## [Input material]
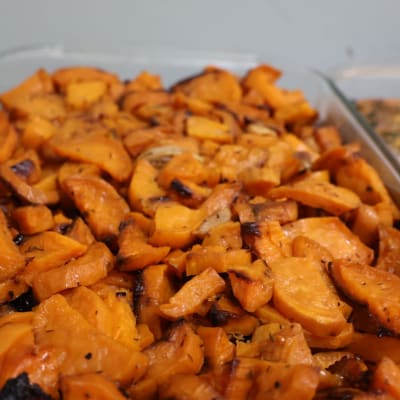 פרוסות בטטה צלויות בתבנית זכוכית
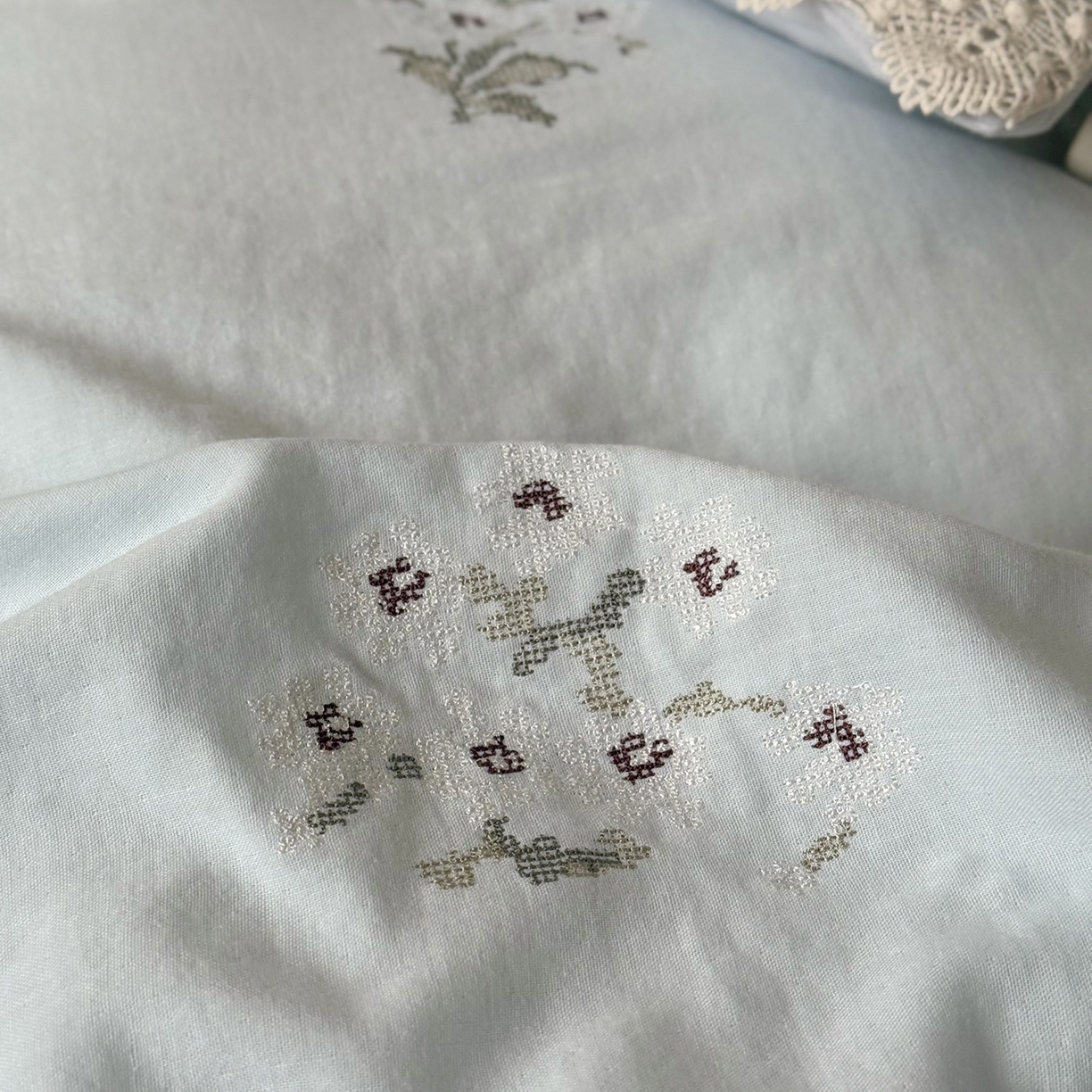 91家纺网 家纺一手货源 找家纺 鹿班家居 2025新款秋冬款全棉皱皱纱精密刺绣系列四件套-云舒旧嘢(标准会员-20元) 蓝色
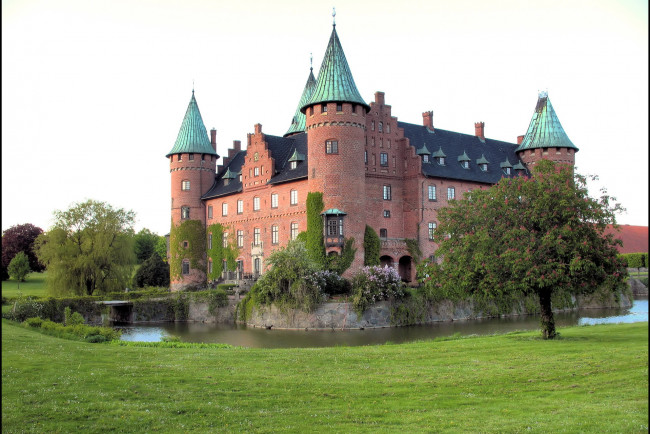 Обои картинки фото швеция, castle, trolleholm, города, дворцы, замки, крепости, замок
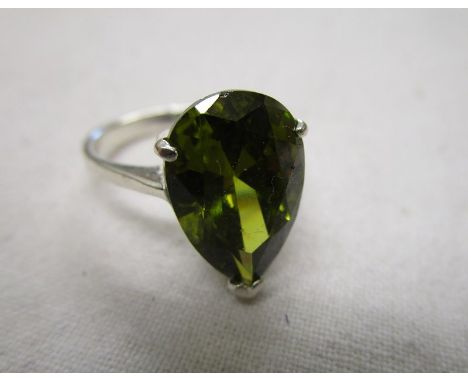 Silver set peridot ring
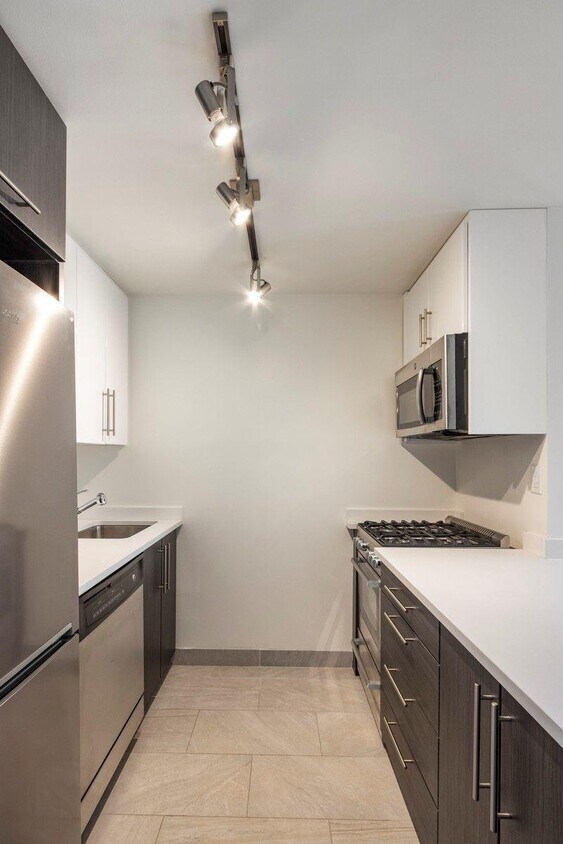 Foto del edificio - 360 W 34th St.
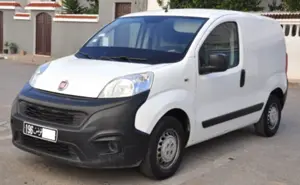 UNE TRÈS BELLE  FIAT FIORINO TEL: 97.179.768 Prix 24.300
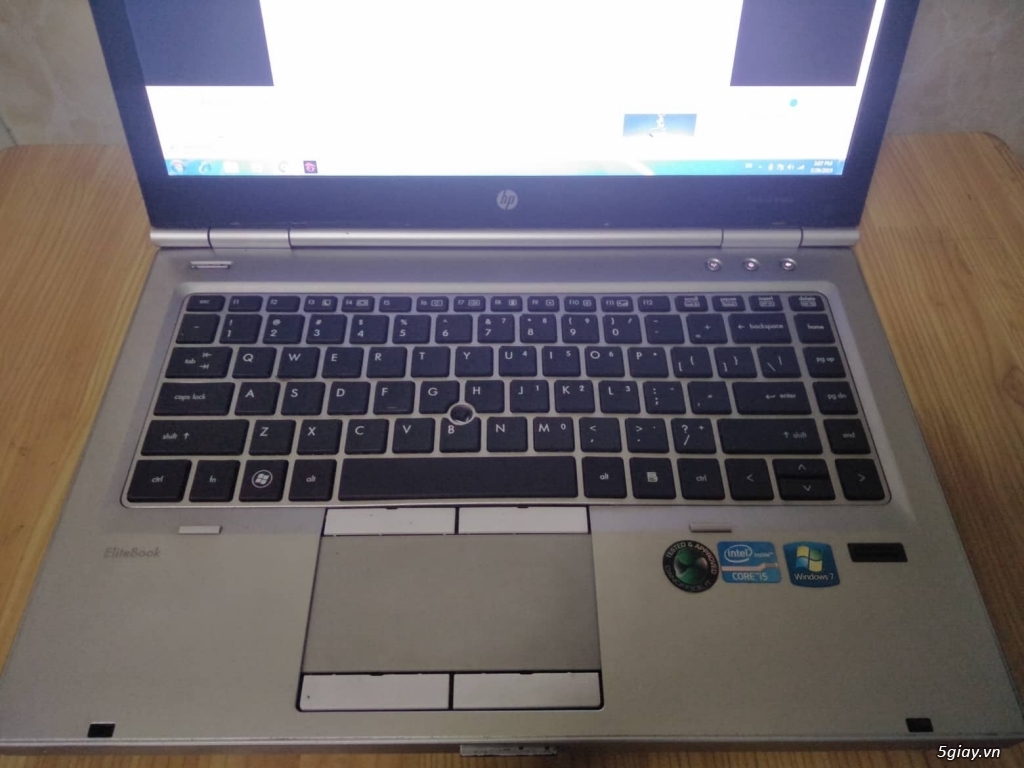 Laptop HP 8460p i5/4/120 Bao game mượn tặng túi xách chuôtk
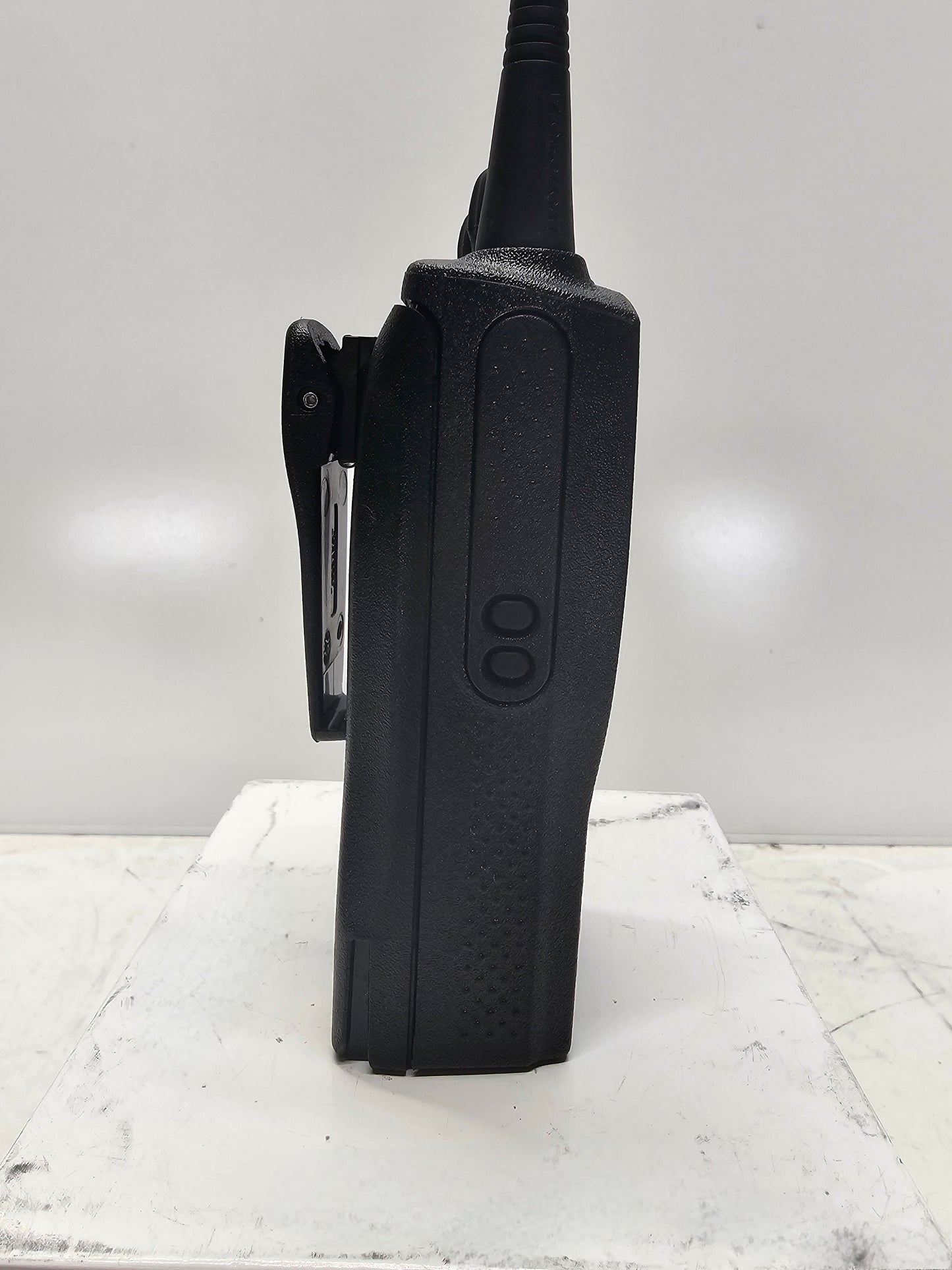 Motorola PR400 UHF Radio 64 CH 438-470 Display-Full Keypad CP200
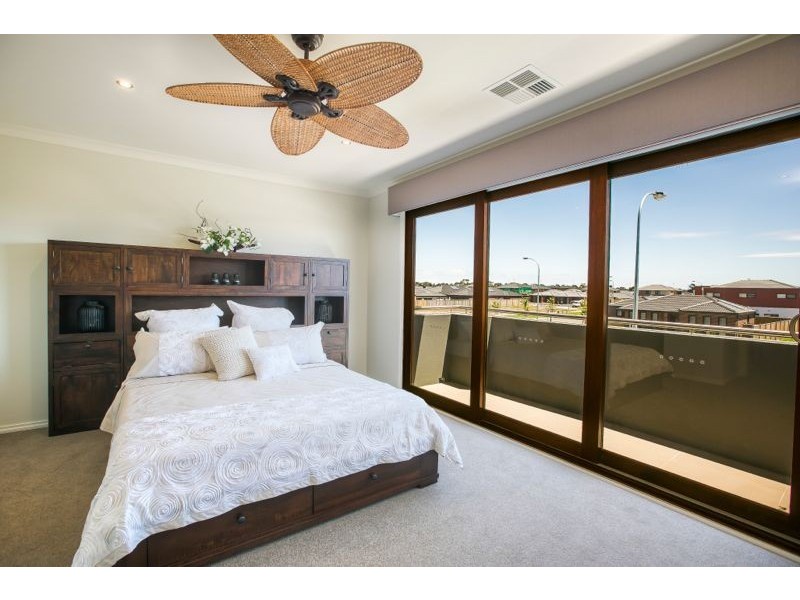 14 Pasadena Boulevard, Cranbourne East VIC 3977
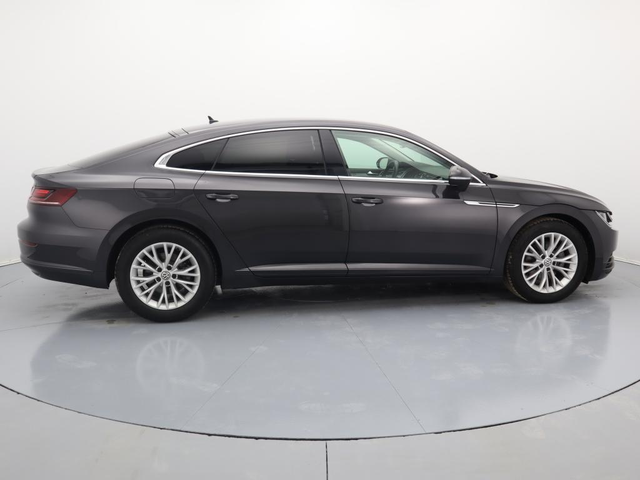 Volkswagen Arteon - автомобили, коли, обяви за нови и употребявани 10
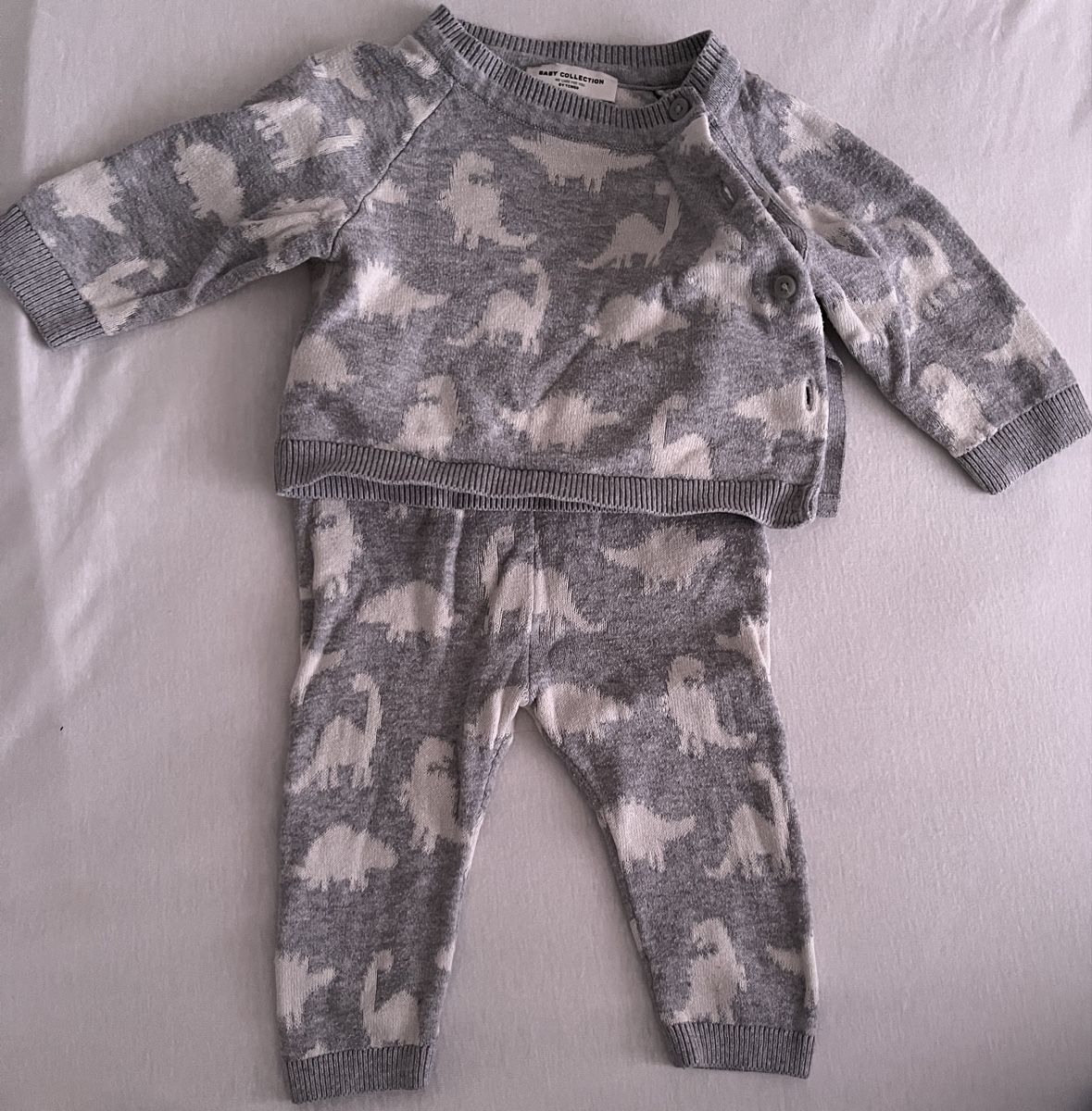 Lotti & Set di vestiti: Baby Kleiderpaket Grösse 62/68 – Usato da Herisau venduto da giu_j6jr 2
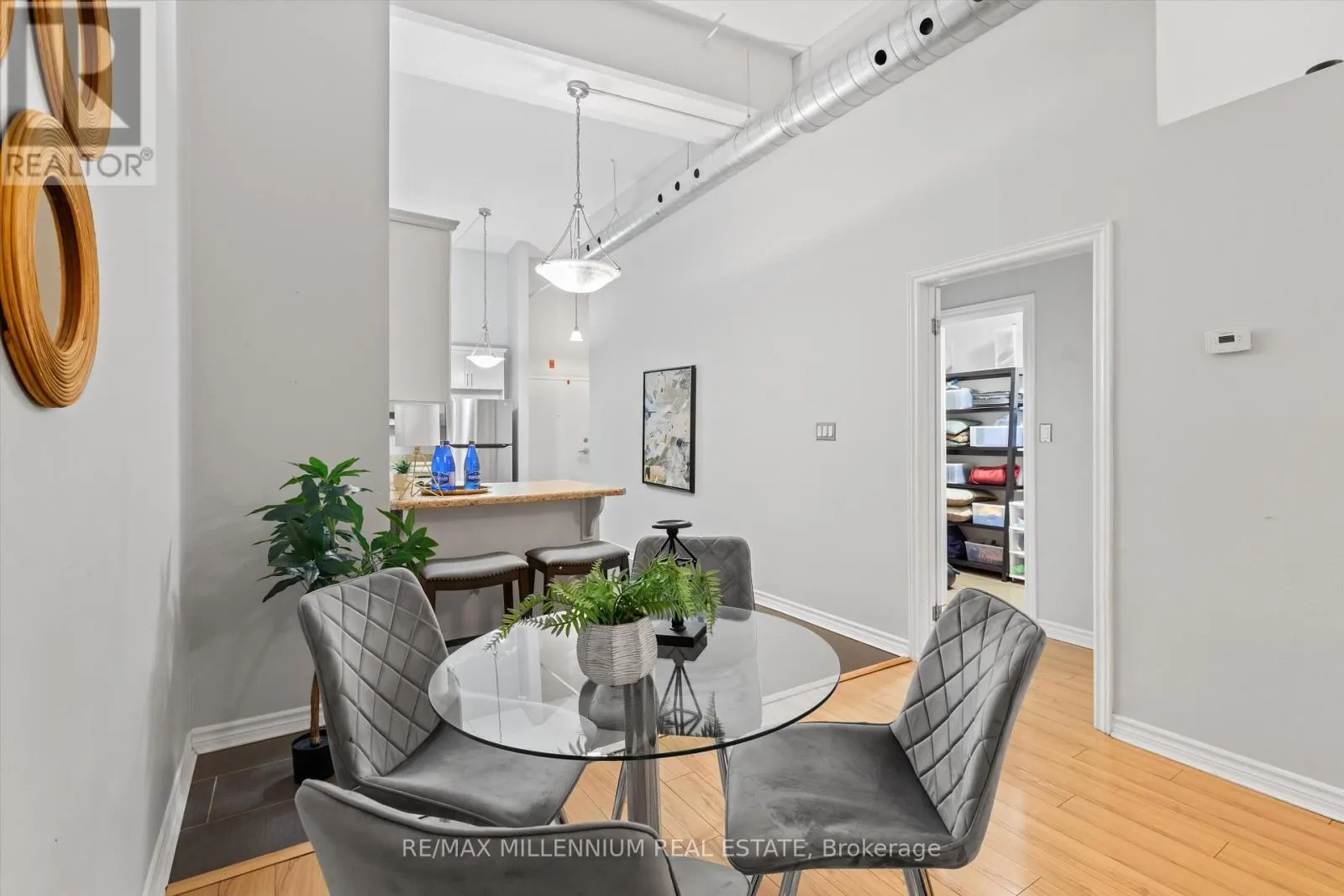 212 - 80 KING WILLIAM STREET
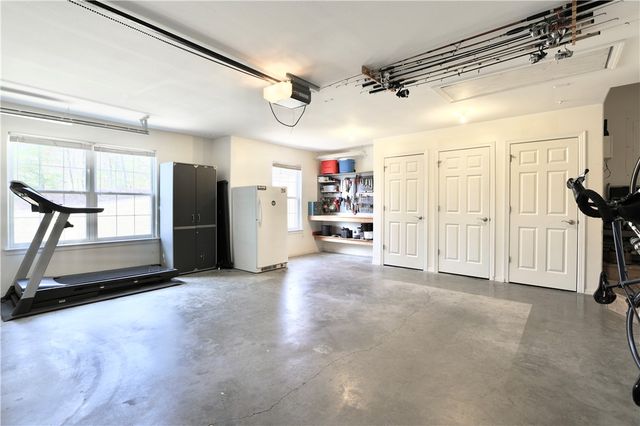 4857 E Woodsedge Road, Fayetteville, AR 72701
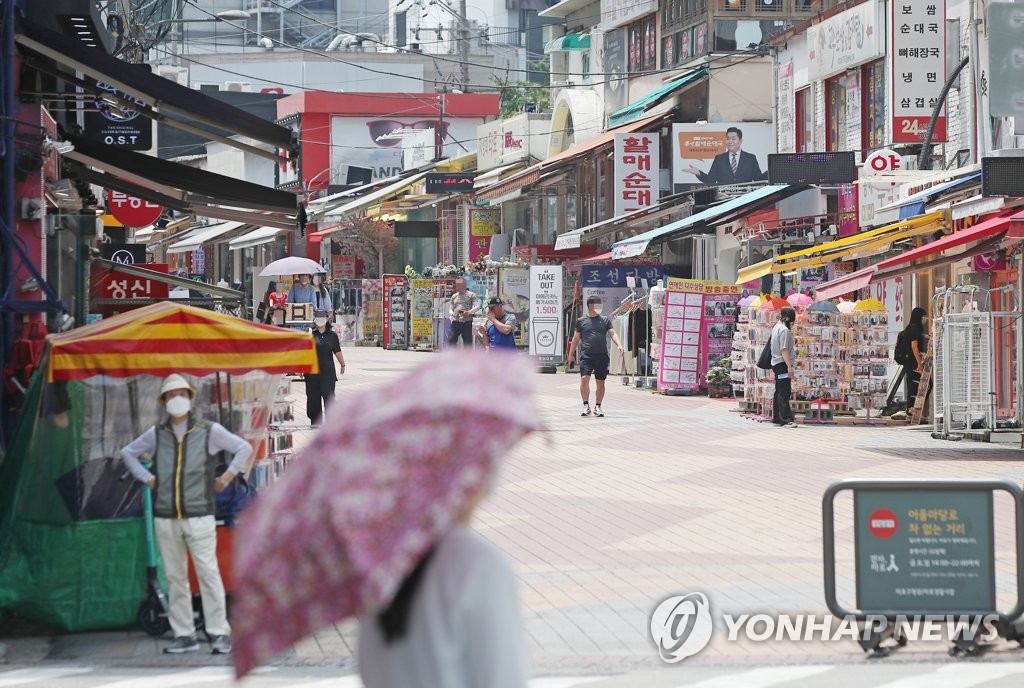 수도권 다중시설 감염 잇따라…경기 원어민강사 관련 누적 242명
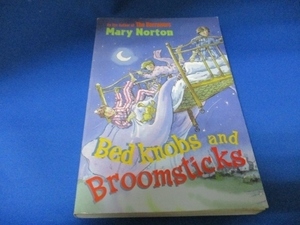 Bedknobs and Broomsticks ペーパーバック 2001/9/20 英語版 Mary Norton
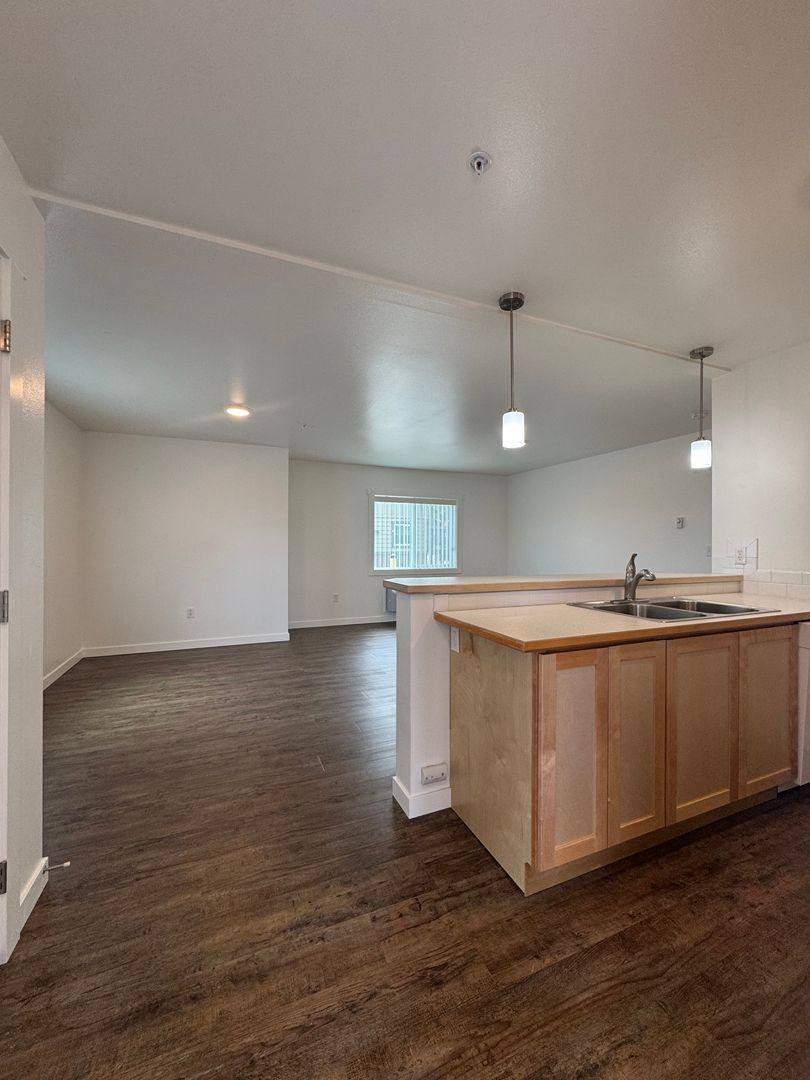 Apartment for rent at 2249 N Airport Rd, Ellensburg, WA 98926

## [Directions for this task]
Please return the full listing word for word, but without any pictures.

## [Result below]
 פרוסות בטטה צלויות בתבנית זכוכית
 91家纺网 家纺一手货源 找家纺 鹿班家居 2025新款秋冬款全棉皱皱纱精密刺绣系列四件套-云舒旧嘢(标准会员-20元) 蓝色
 Обои картинки фото швеция, castle, trolleholm, города, дворцы, замки, крепости, замок
 Silver set peridot ring
 Foto del edificio - 360 W 34th St.
 UNE TRÈS BELLE  FIAT FIORINO TEL: 97.179.768 Prix 24.300
 Laptop HP 8460p i5/4/120 Bao game mượn tặng túi xách chuôtk
 Motorola PR400 UHF Radio 64 CH 438-470 Display-Full Keypad CP200
 14 Pasadena Boulevard, Cranbourne East VIC 3977
 Volkswagen Arteon - автомобили, коли, обяви за нови и употребявани 10
 Lotti & Set di vestiti: Baby Kleiderpaket Grösse 62/68 – Usato da Herisau venduto da giu_j6jr 2
 212 - 80 KING WILLIAM STREET
 4857 E Woodsedge Road, Fayetteville, AR 72701
 수도권 다중시설 감염 잇따라…경기 원어민강사 관련 누적 242명
 Bedknobs and Broomsticks ペーパーバック 2001/9/20 英語版 Mary Norton
 Apartment for rent at 2249 N Airport Rd, Ellensburg, WA 98926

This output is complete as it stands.